> **TASK OBJECTIVE**: Lines from the one containing "LCD compatible with" through the end of the listing are what is wanted, given again exactly with both ends included and pictures left out.

> **DATA FOR THE TASK**:

○ ○ ○ ○

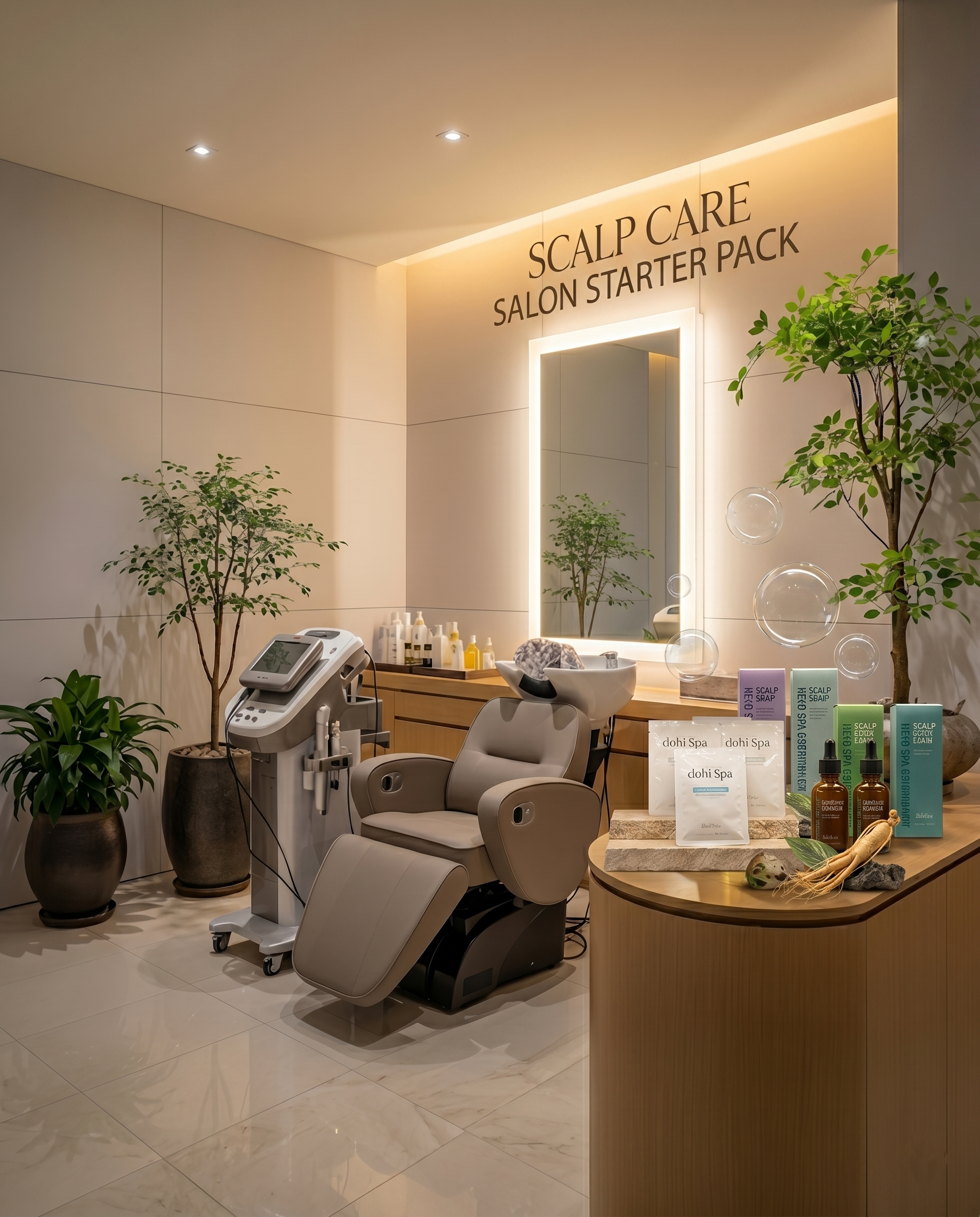 Salon scene
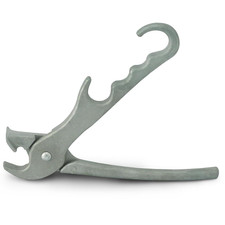 Winco 8" Cast Aluminum Pizza Pan with Gripper Handle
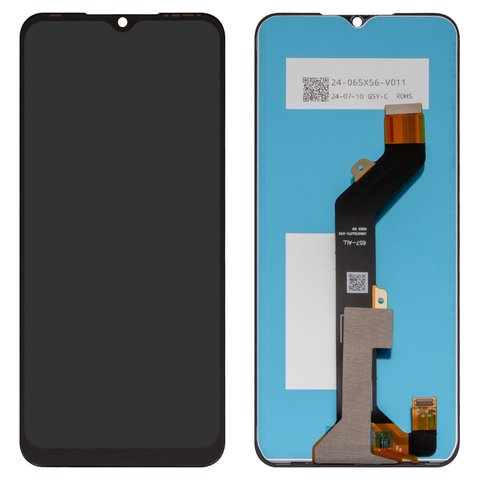 LCD compatible with Tecno Spark 7 KF6n , Spark 7 Go KF6m ; Infinix Hot 10i, Smart 5 Pro PR652B , black, without frame, Box FPC6504 TXDI650CBAPU 5V3H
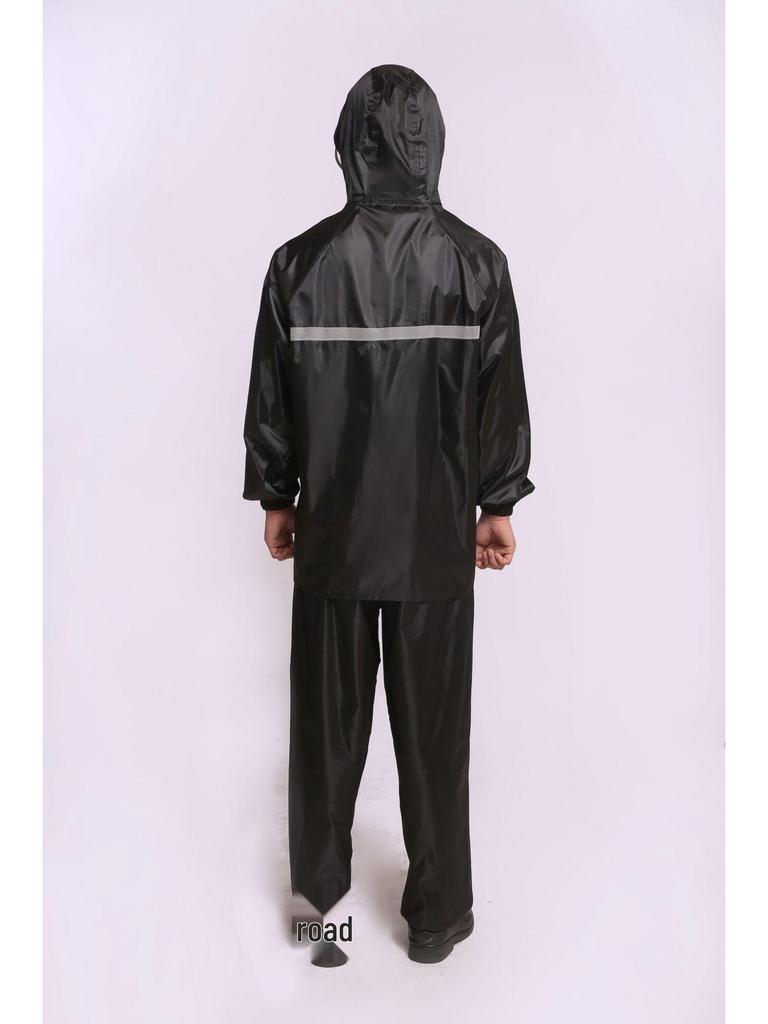 Мужской светоотражающий дождевик и брюки: Защита от сильного дождя для велоспорта/мотоспорта на открытом воздухе, раздельный стиль.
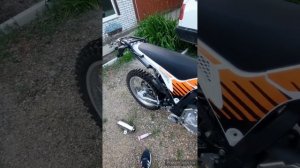 Тюнинг глушителя на мотоцикле KAYO T2 Enduro PR. (T4) 172 Fmm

○ ○ ○ ○

> **ANSWER FOR THIS EXERCISE**:
 LCD compatible with Tecno Spark 7 KF6n , Spark 7 Go KF6m ; Infinix Hot 10i, Smart 5 Pro PR652B , black, without frame, Box FPC6504 TXDI650CBAPU 5V3H
 Мужской светоотражающий дождевик и брюки: Защита от сильного дождя для велоспорта/мотоспорта на открытом воздухе, раздельный стиль.
 Тюнинг глушителя на мотоцикле KAYO T2 Enduro PR. (T4) 172 Fmm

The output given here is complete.